Appointments with urologist and preventing recurrence of disorder is an ongoing life-long effort.

Urology

Ciprofloxacin:

It inhibits relaxation of DNA to promote breakage of double-stranded DNA.

Doxycycline:

It inhibits protein synthesis and that causes RNA-dependent protein synthesis to arrest.

Trimethoprim:

It inhibits dihydrofolate reductase that causes inhibition of microorganism growth.

Urology

Ibuprofen:

At least two cyclo-oxygenase (COX) isoenzymes are inhibited, which prevents the body’s tissues from synthesizing prostaglandins.

Urology

Patients who have hematospermia and bleeding prostatic variceal veins are candidates for fulguration.

Bugbee or loop electrode can be used for fulguration if big friable prostatic veins are seen and the rest of the diagnostic results are normal.

Using a semirigid ureteroscope to cannulate the ejaculatory duct, endoscopy of the ejaculatory ducts and seminal vesicles enables the surgeon to examine the duct, seminal vesicle, and vas ampulla.

Urology

In initial phase, the goal is to check history, examination, and reassurance of patient.

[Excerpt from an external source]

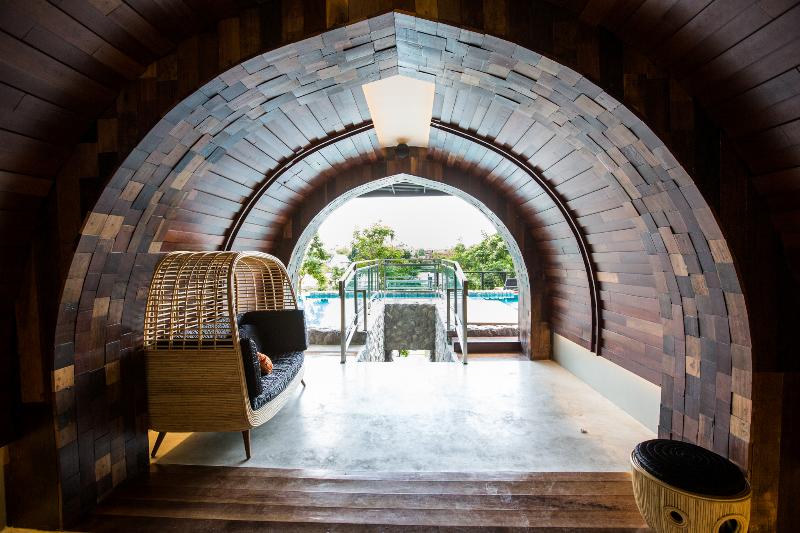 Natee The Riverfront Hotel Kanchanaburi, Singapore
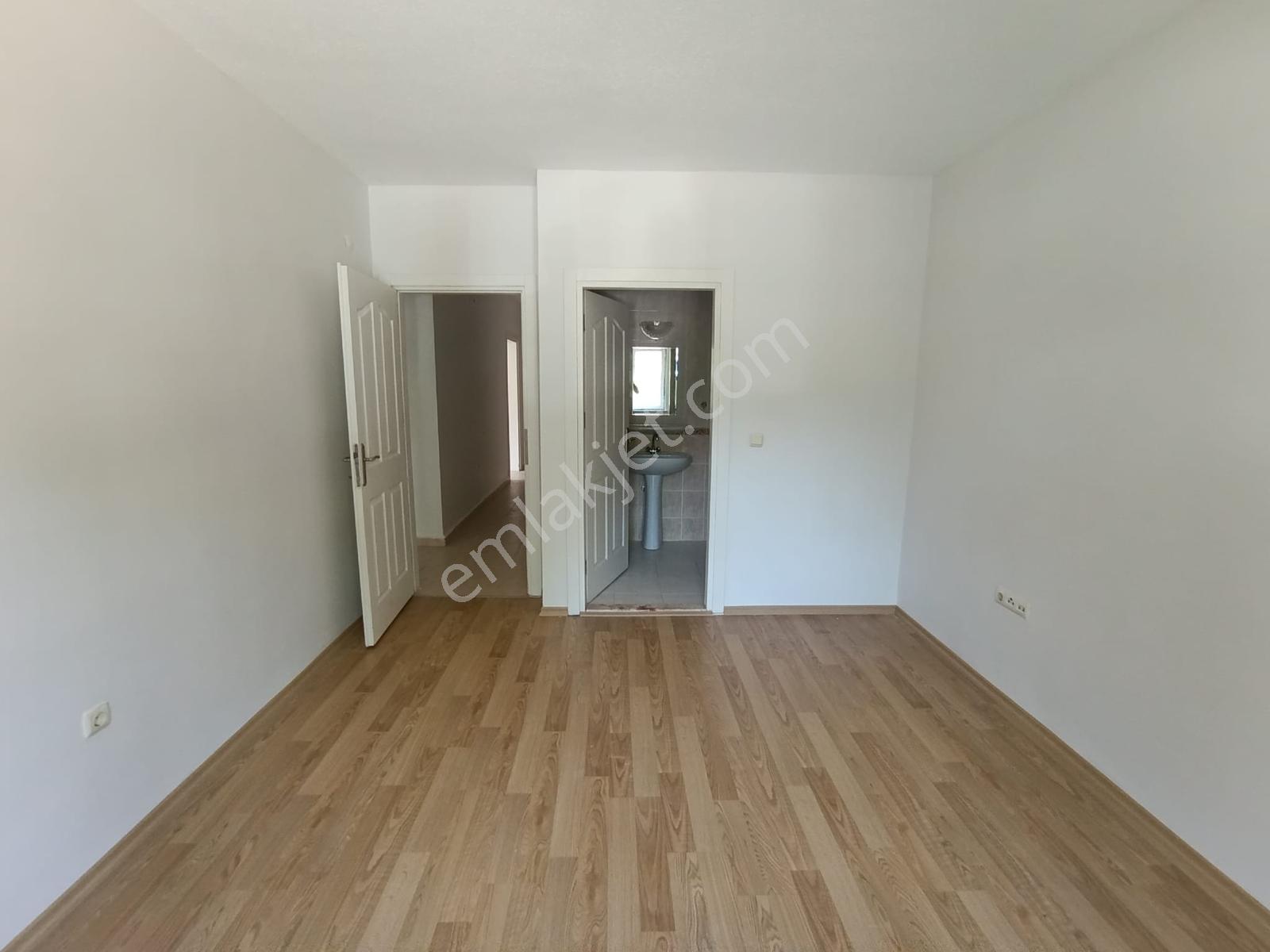 Kw Metsa'dan Memursen Sitesinde 3+1 Kiralık Daire - Görsel 20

In environmental phase, the goal is to avoid perineal trauma, follow safe sexual practices, and control systemic illnesses.

In supportive care and management phase, patients should receive required attention such as lifestyle modification and surgical interventional procedures.

The regular follow-up visits with the urologist are scheduled to check the improvement of patients along with treatment response.